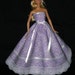 Barbie Doll Dress Handmade Light Purple with Lace Strapless Gown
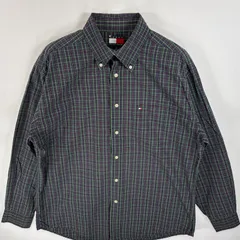 古着 90's/90年代 トミーヒルフィガー TOMMY HILFIGER 長袖シャツ ボタンダウンシャツ ワンポイント 刺繍 ロゴ 胸ポケ M  グリーン系 チェック メンズ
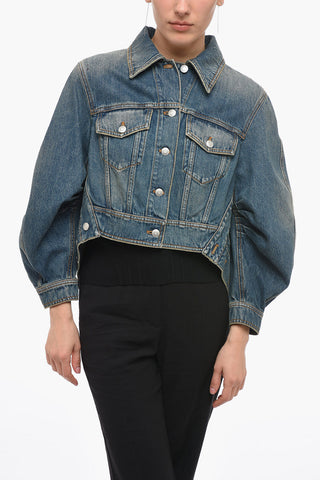 Vintage Effect Denim Jacket with Wide Sleeves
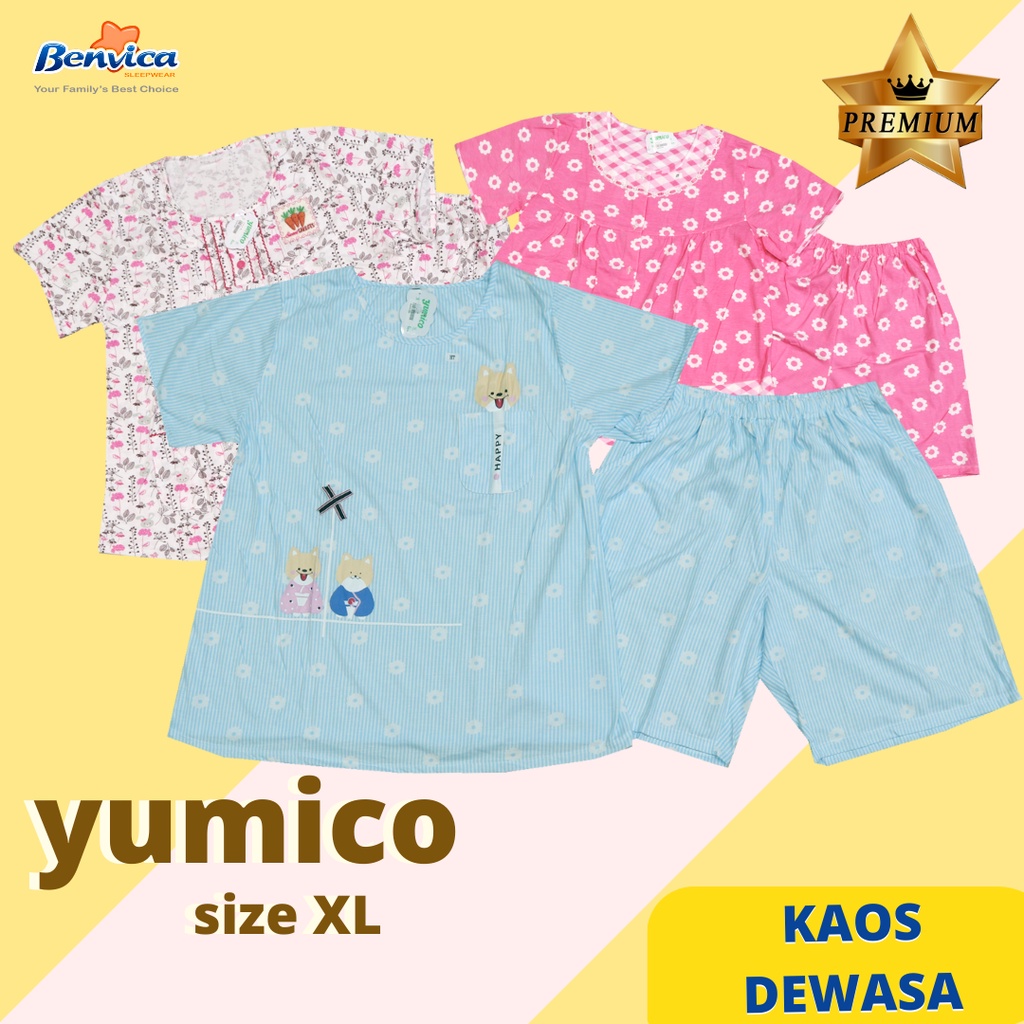 BAJU TIDUR KAOS CELANA PENDEK XL PREMIUM YUMICO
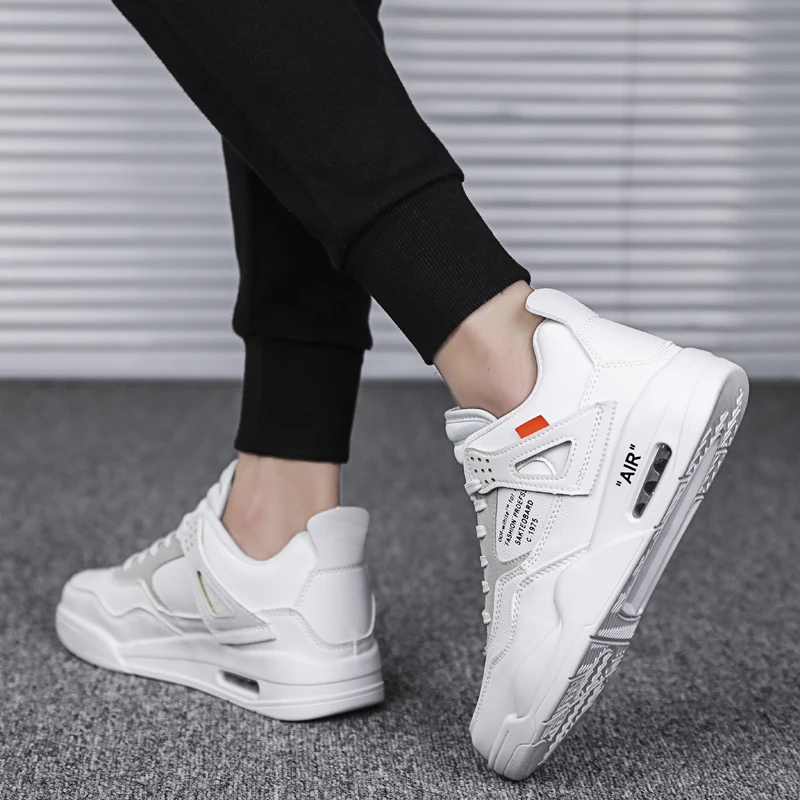 Мужская обувь сезон весна-осень повседневная кожаная на плоской подошве белые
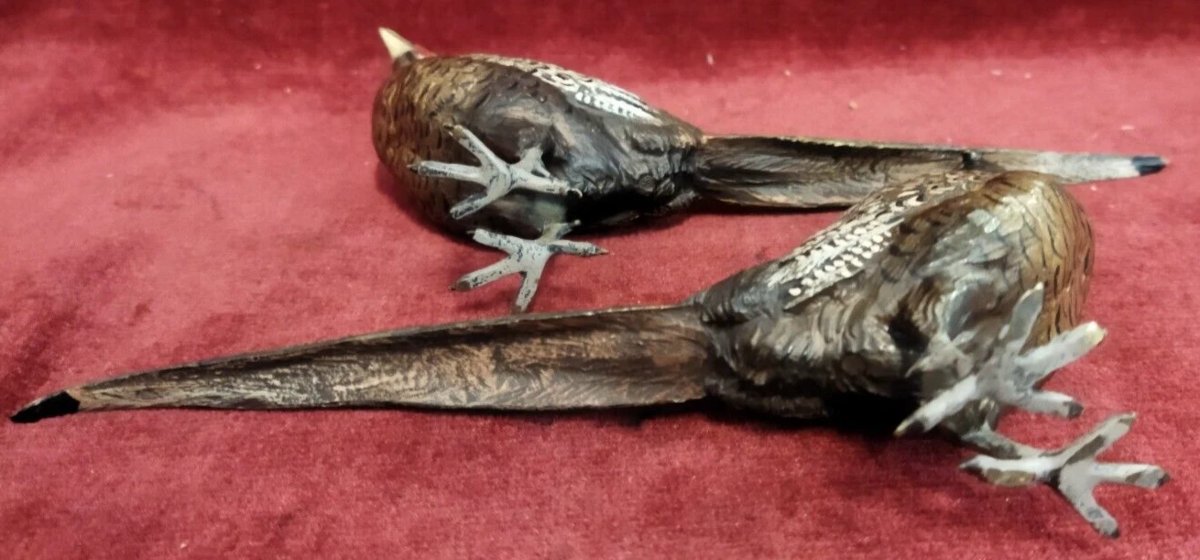 Pair Of Painted Bronze Pheasants, Austria – 19th Century-photo-1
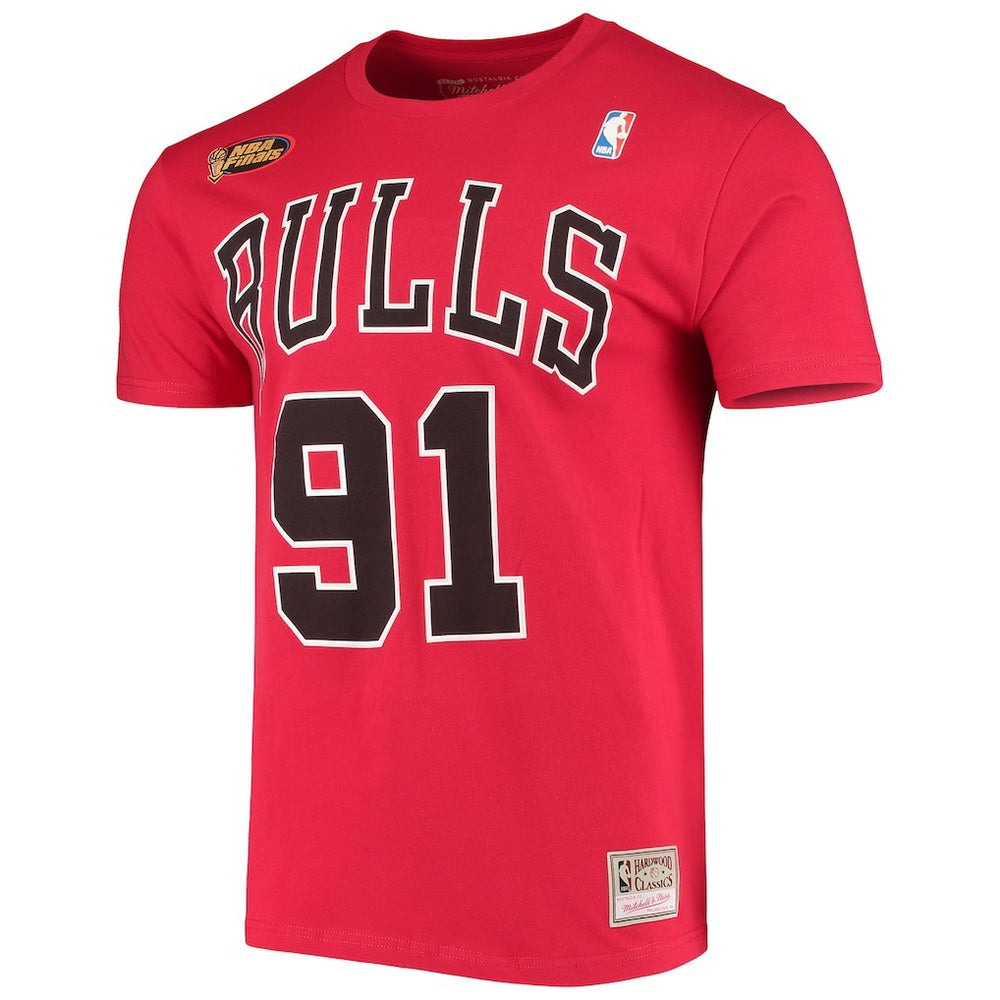 Mitchell & Ness Dennis Rodman Chicago Bulls Hardwood Classics Stitch Name & Number T-Shirt Red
· · · ·
Work item:
Reproduce every line of the material above, but drop the pictures.

Task solution:
 Barbie Doll Dress Handmade Light Purple with Lace Strapless Gown
 古着 90's/90年代 トミーヒルフィガー TOMMY HILFIGER 長袖シャツ ボタンダウンシャツ ワンポイント 刺繍 ロゴ 胸ポケ M  グリーン系 チェック メンズ
 Vintage Effect Denim Jacket with Wide Sleeves
 BAJU TIDUR KAOS CELANA PENDEK XL PREMIUM YUMICO
 Мужская обувь сезон весна-осень повседневная кожаная на плоской подошве белые
 Pair Of Painted Bronze Pheasants, Austria – 19th Century-photo-1
 Mitchell & Ness Dennis Rodman Chicago Bulls Hardwood Classics Stitch Name & Number T-Shirt Red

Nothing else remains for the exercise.